Cumples un plan de vida exigente: madrugas, haces oración, frecuentas los Sacramentos, trabajas o estudias mucho, eres sobrio, te mortificas…, ¡pero notas que te falta algo! Lleva a tu diálogo con Dios esta consideración: como la santidad -la lucha para alcanzarla- es la plenitud de la caridad, has de revisar tu amor a Dios y, por El, a los demás. Quizá descubrirás entonces, escondidos en tu alma, grandes defectos, contra los que ni siquiera luchabas: no eres buen hijo, buen hermano, buen compañero, buen amigo, buen colega; y, como amas desordenadamente “tu santidad”, eres envidioso.

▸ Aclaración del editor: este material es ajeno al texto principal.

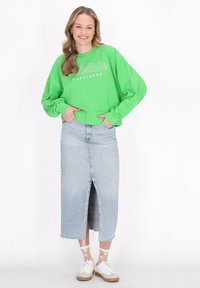 Sweatshirt verde con testo "Felicità Invisibile", abbinato a una gonna di jeans leggera, alta in vita, di colore blu chiaro, con uno spacco frontale. Sneakers bianche completano il look.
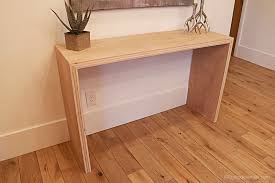 Cutting the circle for your diy round table top, from plywood or regular lumber, should be done in increments like this to prevent overloading the. Remodelaholic Diy Waterfall Plywood Console Table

Te “sacrificas” en muchos detalles “personales”: por eso estás apegado a tu yo, a tu persona y, en el fondo, no vives para Dios ni para los demás: sólo para ti.
Te consideras amigo porque no dices una palabra mala. -Es verdad; pero tampoco veo una obra buena de ejemplo, de servicio… -Esos son los peores amigos.
No resulta compatible amar a Dios con perfección, y dejarse dominar por el egoísmo -o por la apatía- en el trato con el prójimo.
La amistad verdadera supone también un esfuerzo cordial por comprender las convicciones de nuestros amigos, aunque no lleguemos a compartirlas, ni a aceptarlas.